Saturday, 8 October 2011

Pets as Therapy in Hospitals (16/7/11)

Amidst all of the depressing news stories this week, it is wonderful to hear something positive in this field. Today, in Ysbyty Glan Clwyd in North Wales, another 'Pets As Therapy' initiative has been launched. The Pets As Therapy (PAT) charity does some really tremendous work. Primarily, it organises visits by volunteer pet owners and their animals to people who are residents in hospitals, hospices, residential homes, nursing homes, day car centres, and special needs schools.

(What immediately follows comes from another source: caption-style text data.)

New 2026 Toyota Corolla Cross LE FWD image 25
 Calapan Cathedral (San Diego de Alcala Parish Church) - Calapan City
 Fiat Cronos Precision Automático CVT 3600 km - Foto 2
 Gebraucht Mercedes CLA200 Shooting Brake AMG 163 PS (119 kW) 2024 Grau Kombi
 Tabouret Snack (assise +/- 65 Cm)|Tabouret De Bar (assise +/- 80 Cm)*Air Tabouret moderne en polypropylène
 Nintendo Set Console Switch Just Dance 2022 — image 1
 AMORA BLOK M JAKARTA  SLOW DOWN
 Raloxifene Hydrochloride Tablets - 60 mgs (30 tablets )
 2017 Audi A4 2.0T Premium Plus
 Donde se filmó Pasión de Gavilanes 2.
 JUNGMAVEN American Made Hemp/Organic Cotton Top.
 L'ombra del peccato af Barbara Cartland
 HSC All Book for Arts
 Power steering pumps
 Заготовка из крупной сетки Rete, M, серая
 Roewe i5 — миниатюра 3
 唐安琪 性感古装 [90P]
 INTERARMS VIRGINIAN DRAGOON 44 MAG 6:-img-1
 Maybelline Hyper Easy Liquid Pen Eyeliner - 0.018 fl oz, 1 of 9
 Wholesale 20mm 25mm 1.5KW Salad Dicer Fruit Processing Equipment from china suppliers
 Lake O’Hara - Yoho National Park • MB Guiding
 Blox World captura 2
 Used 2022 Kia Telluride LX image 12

The launch today in Ysbyty Glan Clwyd follows the introduction this initiative in the mental health Ablett Unit at Glan Clwyd hospital twelve months ago. A spokesperson has said that the dogs have been a huge success in this unit and the "feedback from the patients has been extremely positive." According to BBC news, the launch at Glan Clwyd means that the service will now be available at other hospitals inj North Wales too. http://www.bbc.co.uk/news/uk-wales-north-east-wales-14173175

Incidentally, a similar story featured in today's Los Angeles Times - 'Therapy Dogs make the rounds in more healthcare settings', showing this is not a pratice confined to the UK. The LAT reports that "across the country, more than 10,000 trained person-plus-pet teams are registered in Pet Partners, a program established in 1990 by the Delta Society, a nonprofit organization that believes positive interactions with animals can improve people's health and well-being." http://www.latimes.com/health/la-he-therapy-dogs-20110718,0,4456307.story

It is widely known that many people experience profound health benefits from spending time with dogs and cats. Animals encourage interaction in patients who wouldn’t usually get involved in social activity thus boosting their confidence and can have a very positive effect upon people with communication difficulties enabling them to particpate in the life of the community.

The question I would like to raise is: does the fact that pets can help people in such a way mean that access to pets could, whilst in a healthcare setting at least, be part of our human rights? Indeed this seems far fetched at first but it is possible to make some links. What about the right to companionship, for instanc? Or the right to particpate in community life (Art 29 (i) of the ICESCR)? Can we go even further? Dr. Edward Creagan, interviewed as part of the LAT article , believes that pets are embedded in the soul of our humanity. Is he right? It is certainly something to think on...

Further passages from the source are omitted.